___ Listed entries ___
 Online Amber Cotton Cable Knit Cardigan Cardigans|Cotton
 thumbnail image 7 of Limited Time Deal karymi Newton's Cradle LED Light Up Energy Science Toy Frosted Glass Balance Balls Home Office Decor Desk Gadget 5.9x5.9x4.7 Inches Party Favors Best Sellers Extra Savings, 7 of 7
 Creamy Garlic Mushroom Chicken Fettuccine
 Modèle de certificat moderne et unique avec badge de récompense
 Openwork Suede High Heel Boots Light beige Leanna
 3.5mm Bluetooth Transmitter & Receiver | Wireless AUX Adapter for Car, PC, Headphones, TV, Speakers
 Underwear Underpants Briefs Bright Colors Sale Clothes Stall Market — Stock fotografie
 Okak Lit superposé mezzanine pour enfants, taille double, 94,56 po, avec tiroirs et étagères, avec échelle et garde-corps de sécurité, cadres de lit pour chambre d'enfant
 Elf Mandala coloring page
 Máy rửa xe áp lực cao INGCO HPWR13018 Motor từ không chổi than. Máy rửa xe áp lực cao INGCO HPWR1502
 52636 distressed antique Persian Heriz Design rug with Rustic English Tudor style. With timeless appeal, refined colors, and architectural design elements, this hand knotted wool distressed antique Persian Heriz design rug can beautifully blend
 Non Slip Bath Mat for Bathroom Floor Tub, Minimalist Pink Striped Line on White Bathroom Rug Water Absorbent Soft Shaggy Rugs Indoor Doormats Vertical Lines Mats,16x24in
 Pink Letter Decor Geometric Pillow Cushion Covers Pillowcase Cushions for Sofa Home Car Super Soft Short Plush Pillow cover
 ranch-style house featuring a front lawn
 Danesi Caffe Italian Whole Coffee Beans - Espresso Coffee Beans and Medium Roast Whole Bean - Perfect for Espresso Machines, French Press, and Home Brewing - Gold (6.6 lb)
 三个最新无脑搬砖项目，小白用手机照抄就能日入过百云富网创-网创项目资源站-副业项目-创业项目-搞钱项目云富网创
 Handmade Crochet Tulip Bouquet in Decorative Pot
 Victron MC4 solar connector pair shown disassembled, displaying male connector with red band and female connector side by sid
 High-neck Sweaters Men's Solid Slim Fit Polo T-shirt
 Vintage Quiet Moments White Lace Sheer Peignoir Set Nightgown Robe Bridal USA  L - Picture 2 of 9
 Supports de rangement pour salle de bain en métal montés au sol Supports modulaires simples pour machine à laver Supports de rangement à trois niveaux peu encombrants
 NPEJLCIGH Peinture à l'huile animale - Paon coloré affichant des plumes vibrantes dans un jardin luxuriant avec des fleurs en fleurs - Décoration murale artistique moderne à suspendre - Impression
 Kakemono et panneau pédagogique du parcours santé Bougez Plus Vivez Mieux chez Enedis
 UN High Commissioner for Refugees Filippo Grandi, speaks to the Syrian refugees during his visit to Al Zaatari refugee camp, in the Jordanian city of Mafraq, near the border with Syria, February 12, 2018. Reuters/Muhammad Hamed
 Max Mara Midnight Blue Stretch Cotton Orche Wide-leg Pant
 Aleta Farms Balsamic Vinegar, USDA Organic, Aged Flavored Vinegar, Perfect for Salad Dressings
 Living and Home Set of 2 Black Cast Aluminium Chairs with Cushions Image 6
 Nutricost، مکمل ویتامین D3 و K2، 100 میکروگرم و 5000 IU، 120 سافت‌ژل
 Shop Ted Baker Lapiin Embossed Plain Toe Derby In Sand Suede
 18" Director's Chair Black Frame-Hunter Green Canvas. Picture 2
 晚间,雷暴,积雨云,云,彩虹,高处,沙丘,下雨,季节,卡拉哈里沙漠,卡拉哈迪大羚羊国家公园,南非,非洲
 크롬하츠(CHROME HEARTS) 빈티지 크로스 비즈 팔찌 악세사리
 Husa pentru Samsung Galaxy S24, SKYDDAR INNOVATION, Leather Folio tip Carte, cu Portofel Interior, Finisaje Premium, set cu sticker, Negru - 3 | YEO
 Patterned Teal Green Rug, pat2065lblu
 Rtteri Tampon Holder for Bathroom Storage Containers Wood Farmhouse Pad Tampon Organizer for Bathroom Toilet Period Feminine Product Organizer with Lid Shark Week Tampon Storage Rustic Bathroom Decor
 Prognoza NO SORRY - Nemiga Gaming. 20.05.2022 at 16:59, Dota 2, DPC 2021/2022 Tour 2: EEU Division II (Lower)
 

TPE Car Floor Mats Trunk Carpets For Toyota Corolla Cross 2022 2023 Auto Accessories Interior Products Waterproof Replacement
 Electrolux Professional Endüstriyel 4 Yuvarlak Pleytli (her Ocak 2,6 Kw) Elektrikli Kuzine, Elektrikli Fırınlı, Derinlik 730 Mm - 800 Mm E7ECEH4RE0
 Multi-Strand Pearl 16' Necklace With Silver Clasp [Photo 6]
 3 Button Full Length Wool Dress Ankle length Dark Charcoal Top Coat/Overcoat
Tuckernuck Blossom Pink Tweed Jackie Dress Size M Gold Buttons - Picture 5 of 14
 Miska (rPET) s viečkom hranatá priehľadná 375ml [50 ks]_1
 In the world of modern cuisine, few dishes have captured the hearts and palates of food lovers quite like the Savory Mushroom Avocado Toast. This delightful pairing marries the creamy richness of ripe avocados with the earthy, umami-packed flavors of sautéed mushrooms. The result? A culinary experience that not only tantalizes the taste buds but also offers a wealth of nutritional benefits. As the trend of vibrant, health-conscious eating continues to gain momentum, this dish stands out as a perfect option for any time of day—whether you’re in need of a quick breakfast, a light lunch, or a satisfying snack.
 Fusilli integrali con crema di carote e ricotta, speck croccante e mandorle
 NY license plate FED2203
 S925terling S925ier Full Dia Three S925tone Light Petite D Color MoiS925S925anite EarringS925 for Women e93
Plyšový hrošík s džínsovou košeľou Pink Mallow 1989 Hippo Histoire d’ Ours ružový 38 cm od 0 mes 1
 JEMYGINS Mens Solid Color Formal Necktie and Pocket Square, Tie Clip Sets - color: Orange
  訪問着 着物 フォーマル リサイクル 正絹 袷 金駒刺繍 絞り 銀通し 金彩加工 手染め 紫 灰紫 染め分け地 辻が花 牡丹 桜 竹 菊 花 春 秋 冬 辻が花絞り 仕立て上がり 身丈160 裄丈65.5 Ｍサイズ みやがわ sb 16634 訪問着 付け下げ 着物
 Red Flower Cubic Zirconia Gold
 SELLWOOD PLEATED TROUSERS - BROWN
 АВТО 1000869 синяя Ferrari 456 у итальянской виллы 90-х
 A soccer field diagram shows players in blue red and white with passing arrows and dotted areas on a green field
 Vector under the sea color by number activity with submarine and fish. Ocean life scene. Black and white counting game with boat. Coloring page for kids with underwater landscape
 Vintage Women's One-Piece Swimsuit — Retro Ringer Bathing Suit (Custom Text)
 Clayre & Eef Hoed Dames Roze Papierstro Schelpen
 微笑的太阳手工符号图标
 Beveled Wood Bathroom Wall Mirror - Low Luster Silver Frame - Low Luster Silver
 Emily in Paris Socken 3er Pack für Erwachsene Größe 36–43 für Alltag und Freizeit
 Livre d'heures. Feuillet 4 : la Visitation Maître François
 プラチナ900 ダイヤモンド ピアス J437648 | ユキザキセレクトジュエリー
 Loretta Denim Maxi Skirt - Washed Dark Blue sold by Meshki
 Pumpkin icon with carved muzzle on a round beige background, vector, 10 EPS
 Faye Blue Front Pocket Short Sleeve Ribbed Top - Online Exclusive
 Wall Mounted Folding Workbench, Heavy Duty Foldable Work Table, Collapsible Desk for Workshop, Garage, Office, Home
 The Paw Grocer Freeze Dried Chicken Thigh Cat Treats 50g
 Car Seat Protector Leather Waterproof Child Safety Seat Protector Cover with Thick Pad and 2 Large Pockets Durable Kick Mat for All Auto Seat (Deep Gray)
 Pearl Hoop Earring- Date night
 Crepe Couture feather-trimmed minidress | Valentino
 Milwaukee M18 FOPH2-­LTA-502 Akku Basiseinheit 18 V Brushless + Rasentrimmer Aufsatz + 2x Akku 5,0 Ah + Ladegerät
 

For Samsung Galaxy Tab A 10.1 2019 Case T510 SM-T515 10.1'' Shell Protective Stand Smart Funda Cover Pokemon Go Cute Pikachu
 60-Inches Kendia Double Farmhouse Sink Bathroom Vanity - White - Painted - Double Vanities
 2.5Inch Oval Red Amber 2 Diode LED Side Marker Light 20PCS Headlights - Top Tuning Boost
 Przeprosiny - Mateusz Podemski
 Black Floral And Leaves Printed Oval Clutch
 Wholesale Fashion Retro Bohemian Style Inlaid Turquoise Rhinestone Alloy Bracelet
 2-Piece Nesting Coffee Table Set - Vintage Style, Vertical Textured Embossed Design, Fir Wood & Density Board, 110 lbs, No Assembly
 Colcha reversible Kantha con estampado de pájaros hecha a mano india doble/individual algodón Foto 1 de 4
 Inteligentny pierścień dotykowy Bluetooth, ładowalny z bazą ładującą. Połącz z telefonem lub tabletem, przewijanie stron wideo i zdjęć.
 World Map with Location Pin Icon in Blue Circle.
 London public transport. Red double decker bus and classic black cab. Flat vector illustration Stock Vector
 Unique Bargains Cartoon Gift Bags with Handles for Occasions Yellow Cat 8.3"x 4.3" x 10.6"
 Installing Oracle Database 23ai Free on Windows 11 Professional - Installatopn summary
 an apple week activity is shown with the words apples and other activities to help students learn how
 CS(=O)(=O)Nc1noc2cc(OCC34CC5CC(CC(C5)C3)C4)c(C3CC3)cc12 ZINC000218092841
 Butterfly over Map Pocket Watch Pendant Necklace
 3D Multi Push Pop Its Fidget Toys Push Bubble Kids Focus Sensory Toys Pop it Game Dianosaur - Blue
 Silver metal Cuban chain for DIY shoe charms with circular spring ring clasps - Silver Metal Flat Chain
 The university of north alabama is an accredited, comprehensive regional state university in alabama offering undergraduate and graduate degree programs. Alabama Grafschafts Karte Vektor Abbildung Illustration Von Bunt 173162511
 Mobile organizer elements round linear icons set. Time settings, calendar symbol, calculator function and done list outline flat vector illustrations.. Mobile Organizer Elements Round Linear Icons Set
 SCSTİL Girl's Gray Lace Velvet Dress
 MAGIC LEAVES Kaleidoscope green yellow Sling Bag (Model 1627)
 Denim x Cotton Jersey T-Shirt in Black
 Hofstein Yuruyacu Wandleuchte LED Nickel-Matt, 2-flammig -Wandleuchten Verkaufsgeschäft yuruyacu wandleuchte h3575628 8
___
Look above for the line containing "Unique Bargains Cartoon". Output from there through the line containing "SCSTİL Girl's Gray Lace Velvet Dress", exactly and inclusively.

Exercise response:
 Unique Bargains Cartoon Gift Bags with Handles for Occasions Yellow Cat 8.3"x 4.3" x 10.6"
 Installing Oracle Database 23ai Free on Windows 11 Professional - Installatopn summary
 an apple week activity is shown with the words apples and other activities to help students learn how
 CS(=O)(=O)Nc1noc2cc(OCC34CC5CC(CC(C5)C3)C4)c(C3CC3)cc12 ZINC000218092841
 Butterfly over Map Pocket Watch Pendant Necklace
 3D Multi Push Pop Its Fidget Toys Push Bubble Kids Focus Sensory Toys Pop it Game Dianosaur - Blue
 Silver metal Cuban chain for DIY shoe charms with circular spring ring clasps - Silver Metal Flat Chain
 The university of north alabama is an accredited, comprehensive regional state university in alabama offering undergraduate and graduate degree programs. Alabama Grafschafts Karte Vektor Abbildung Illustration Von Bunt 173162511
 Mobile organizer elements round linear icons set. Time settings, calendar symbol, calculator function and done list outline flat vector illustrations.. Mobile Organizer Elements Round Linear Icons Set
 SCSTİL Girl's Gray Lace Velvet Dress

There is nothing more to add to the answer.